Contrairement aux idées reçues, toutes les femmes ont en secret un projet qu’elles rêvent de réaliser, et le REFA reste un lieu privilégié de développement de relations et de partenariats d’affaires. Notre mission est donc de promouvoir, développer et soutenir l’entreprenariat féminin par des formations, des financements, le suivi et l’encadrement de projets. Notre force, c’est notre constitution en réseau. Il est de notoriété publique qu’en plus de la vision, de la passion et de la résilience propre au promoteur d’un projet, le réseautage est l’un des éléments fondamentaux qui permettent aux jeunes entrepreneures de conduire leurs entreprises sur un sentier de croissance rapide. Aussi, notre réseau permettra aux femmes de bénéficier d’expériences diversifiées, de prendre des parts de marchés au-delà de leurs pays respectifs, surtout d’aboutir à la mise en place de co-entreprises entre deux ou plusieurs membres de différentes nationalités. Notre présence hors de l’Afrique répond au souci de développer des partenariats avec des entrepreneures de la diaspora, qui veulent investir en Afrique.

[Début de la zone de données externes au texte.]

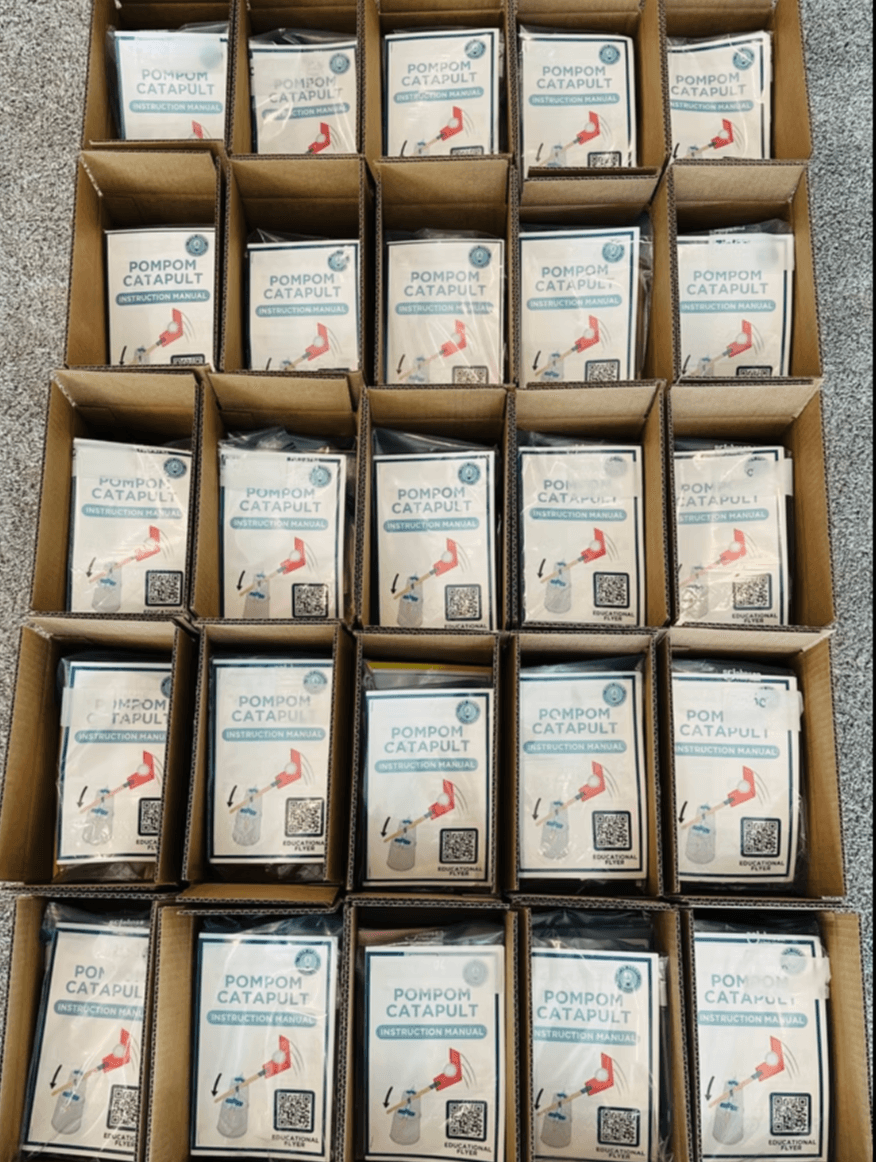 Boxes of kits packed with PomPom Catapult instruction manuals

Concrètement, nous apportons à nos membres notre appui pour réaliser leurs projets uniquement dans leurs pays respectifs. Plusieurs « REFAMES » ont pu ainsi bénéficier de crédits et de subventions pour leurs projets agro-alimentaires et d’import-export, des domaines dans lesquels les femmes excellent. Au REFA, nous avons aussi des projets communs en cours de réalisation, financés par des mécènes et des structures Internationales.

Comment adhère-t-on au REFA, et comment financez-vos activités?

D’abord, il faut dire que l’adhésion au REFA se fait par une volonté écrite et par la signature d’une charte. Les premières sources de financement de nos activités sont les apports de nos membres qui sont constituées du droit unique d’adhésion et de la cotisation mensuelle. Mais cela reste une goutte d’eau dans la mer, comparé à la dimension de nos actions, de nos projets et ambitions. Aussi attendons-nous beaucoup des mécènes, des pouvoirs publics et des partenaires au développement, en termes d’appuis technique, financier et matériel pour soutenir ces femmes africaines qui ont décidé d’emprunter le chemin de l’entrepreneuriat.

Quels sont vos projets et ambitions pour les années à venir?

Le REFA a instauré la Caravane de l’hygiène alimentaire qui consiste à former les commerçantes exerçant dans nos rues, aux méthodes d’acquisition pour un meilleur environnement et une hygiène alimentaire dans l’exercice de leurs activités. Un dîner-gala de bienfaisance sera organisé à l’issue de la 1ère édition, pour mobiliser des fonds en faveur de notre grand projet, Le pavillon de la femme, un lieu de formation, d’information, d’apprentissage aux nouvelles technologies multimédia et de recherche de financements pour la réalisation de nos projets contribuant ainsi au développement économique de nos pays. Chaque trimestre, nous organisons une Table ronde sur l’entreprenariat féminin qui comprend 3 volets (Place à l’expert, La Success Story et la Foire aux projets). Ensuite, le REFA a d’autres activités sociales comme les marches pour les grandes causes médico-sociales, les dons de médicaments, les consultations gratuites, car une femme en bonne santé est une femme qui entreprend bien. Enfin, nous allons miser sur la formation, la création de structures d’encadrement entrepreneurial et de coopératives, et sur l’entrepreneuriat social. Je lance un appel à la femme africaine, pour qu’elle fasse sienne notre credo qui est : s’informer, se former, entreprendre, prospérer et s’épanouir pour l’émergence de nos pays.